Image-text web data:
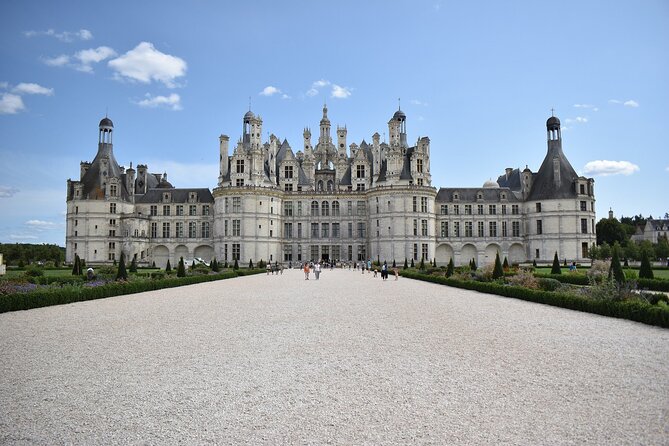 Visit to the Castles of Chenonceau and Chambord - Highlights of the Tour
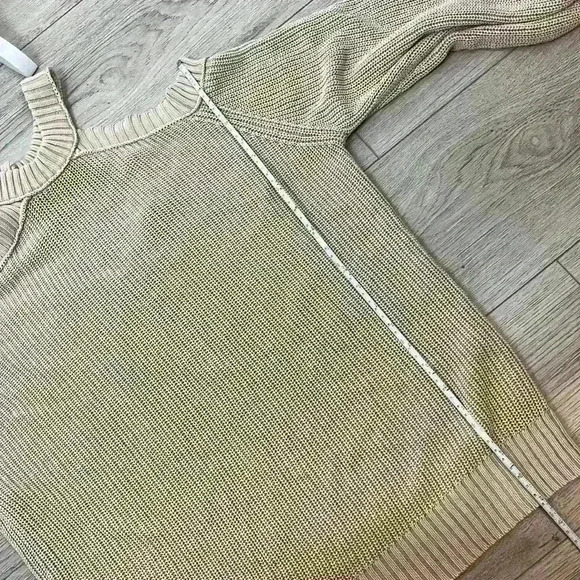 Vici Tan Ribbed Cold Shoulder Sweater Size M - Picture 6 of 9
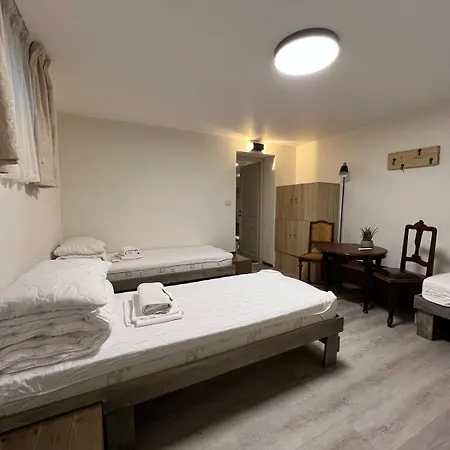 Kubu Ground Floor Rooms Klaipeda Exterior photo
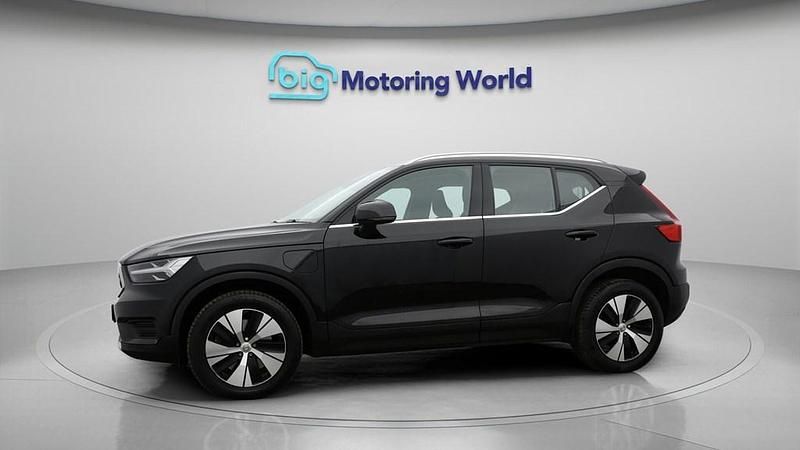 Used Volvo XC40 Core 211 HP (155 kW) 2021 Black SUV
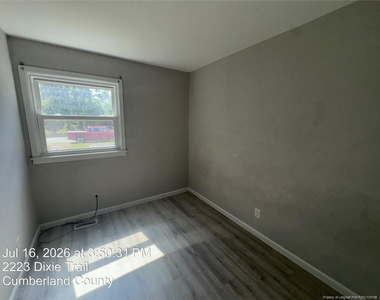 2223 Dixie Trail - Photo Thumbnail 15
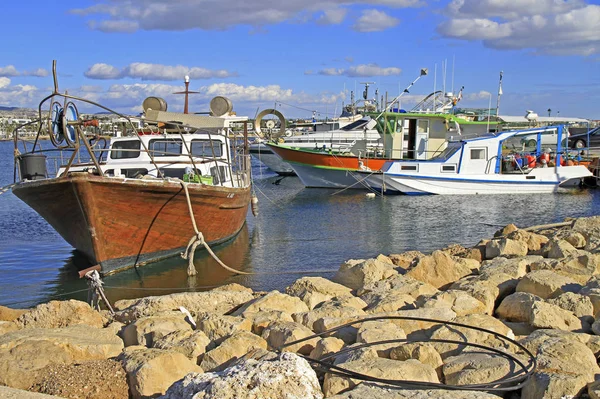 Яхты в порту Пафоса — стоковое фото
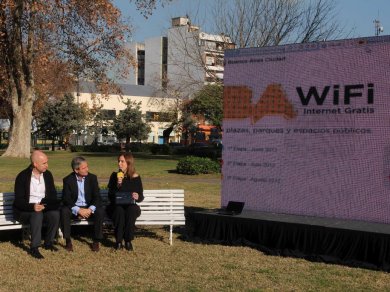 Wi-Fi gratuito en las plazas porteñas
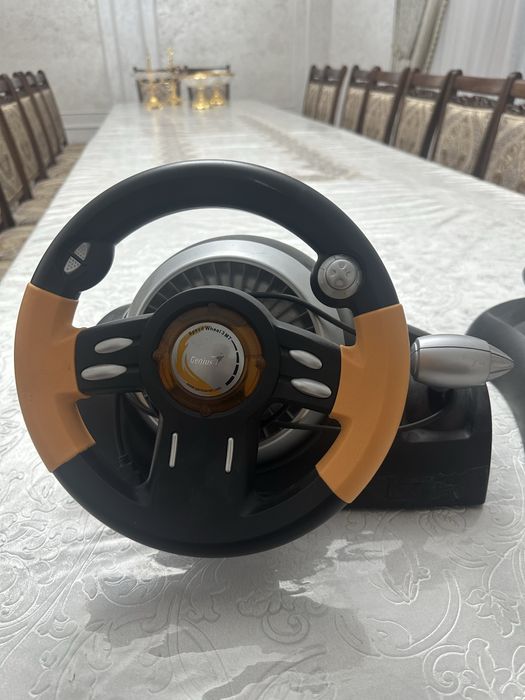 Игровой руль Genius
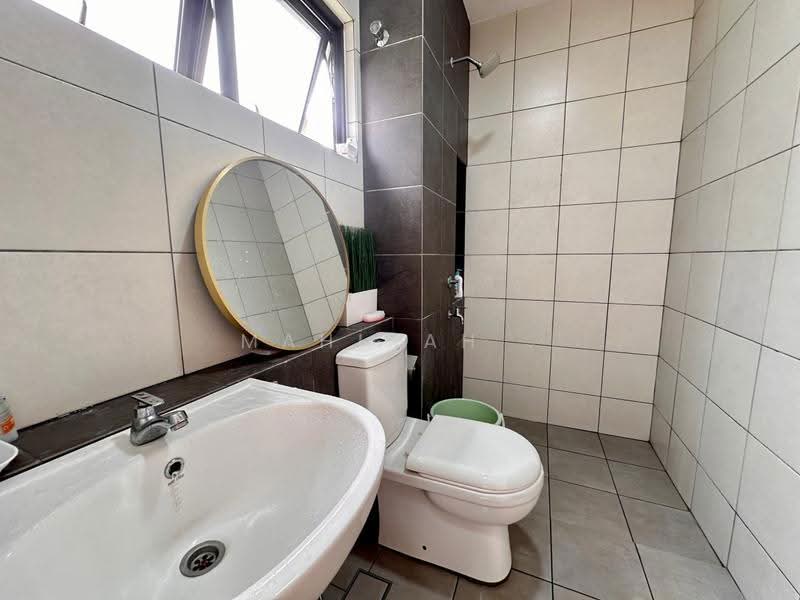 Rumah Teres 2-Tingkat untuk Dijual di Sepang (Selangor) - Mahirah . - Bathroom - PropertyGuru.com.my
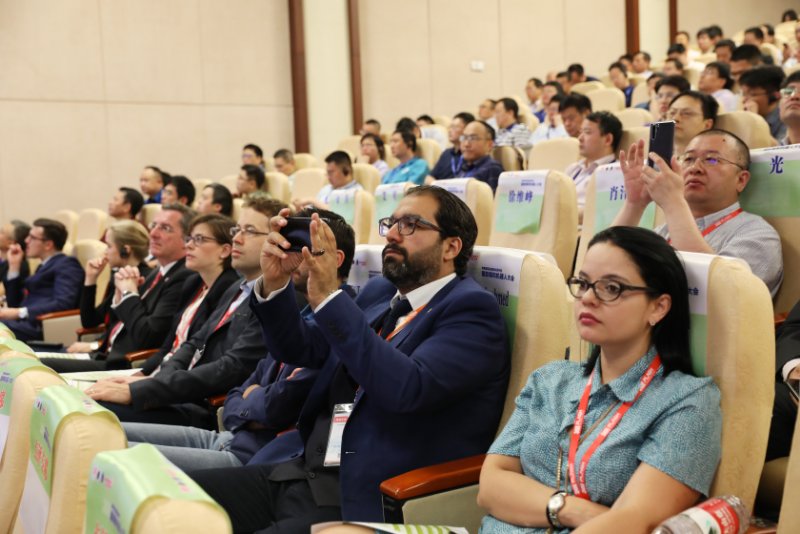 解放军总医院泌尿外科腹腔镜与机器人大会在京举办
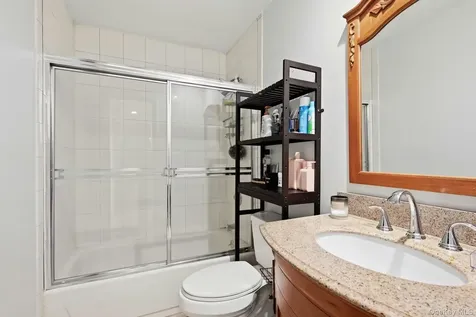 31 Sherwood Gate Oyster Bay NY 11771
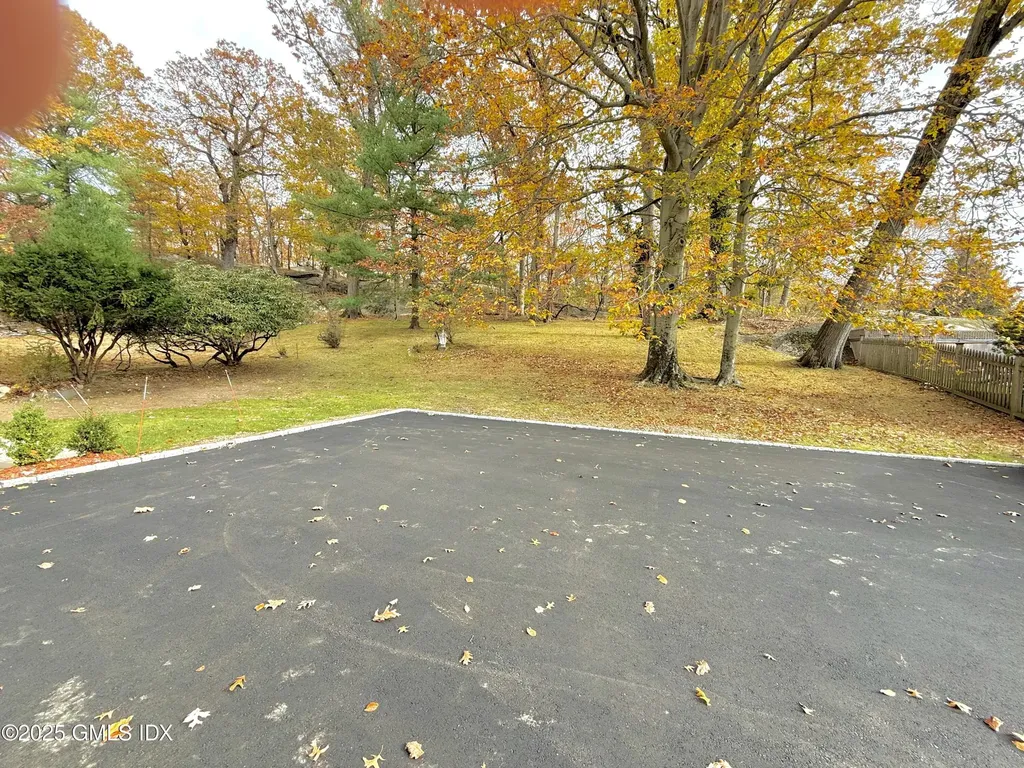 79 Laddins Rock Road Old Greenwich CT 06870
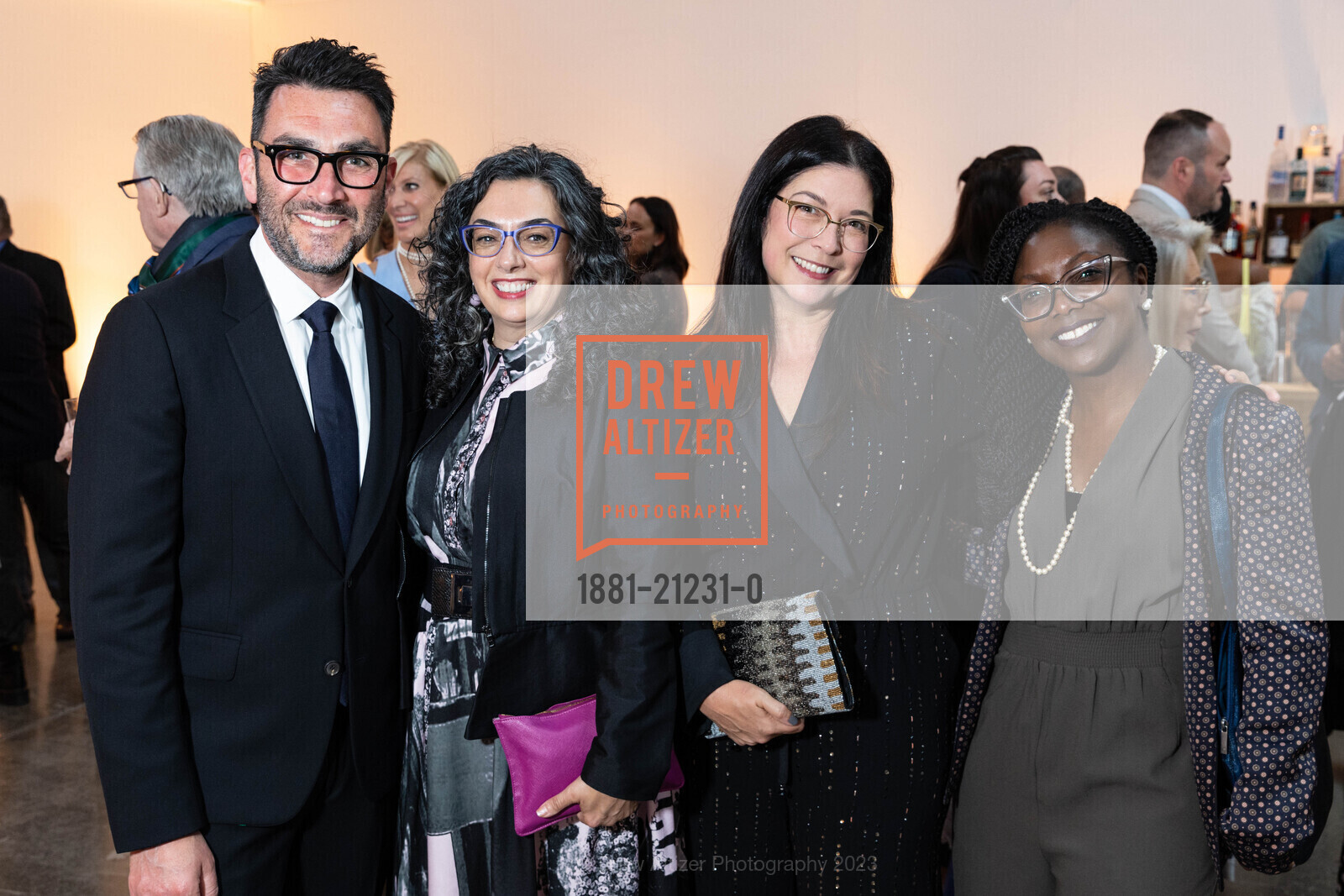 Lawrence Azzerad, Helen Maria Nugent, Julie Muncy, Tricia Brand, California College of the Arts (CCA) 2023 Gala, California College of the Arts @ 1111 8th St, SF, CA 94107 US. California College of the Arts @ 1111 8th St, SF, CA 94107 US, May 23rd, 2023, Photo #1881-21231-0 Lawrence Azzerad, Helen Maria Nugent, Julie Muncy, Tricia Brand, Photo #1881-21231-0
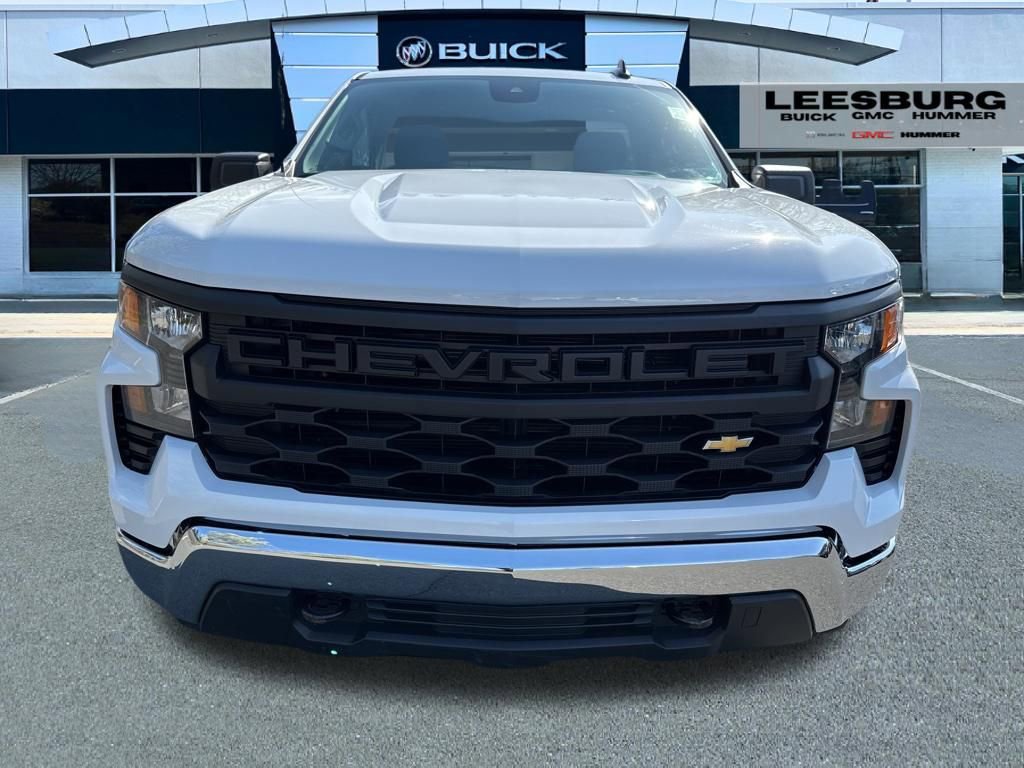 Used 2025 Chevrolet Silverado 1500 W/T image 2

• Work to be completed: Word for word, restate the records above and drop the pictures.

• Final answer:
 Visit to the Castles of Chenonceau and Chambord - Highlights of the Tour
 Vici Tan Ribbed Cold Shoulder Sweater Size M - Picture 6 of 9
 Kubu Ground Floor Rooms Klaipeda Exterior photo
 Used Volvo XC40 Core 211 HP (155 kW) 2021 Black SUV
 2223 Dixie Trail - Photo Thumbnail 15
 Яхты в порту Пафоса — стоковое фото
 Wi-Fi gratuito en las plazas porteñas
 Игровой руль Genius
 Rumah Teres 2-Tingkat untuk Dijual di Sepang (Selangor) - Mahirah . - Bathroom - PropertyGuru.com.my
 解放军总医院泌尿外科腹腔镜与机器人大会在京举办
 31 Sherwood Gate Oyster Bay NY 11771
 79 Laddins Rock Road Old Greenwich CT 06870
 Lawrence Azzerad, Helen Maria Nugent, Julie Muncy, Tricia Brand, California College of the Arts (CCA) 2023 Gala, California College of the Arts @ 1111 8th St, SF, CA 94107 US. California College of the Arts @ 1111 8th St, SF, CA 94107 US, May 23rd, 2023, Photo #1881-21231-0 Lawrence Azzerad, Helen Maria Nugent, Julie Muncy, Tricia Brand, Photo #1881-21231-0
 Used 2025 Chevrolet Silverado 1500 W/T image 2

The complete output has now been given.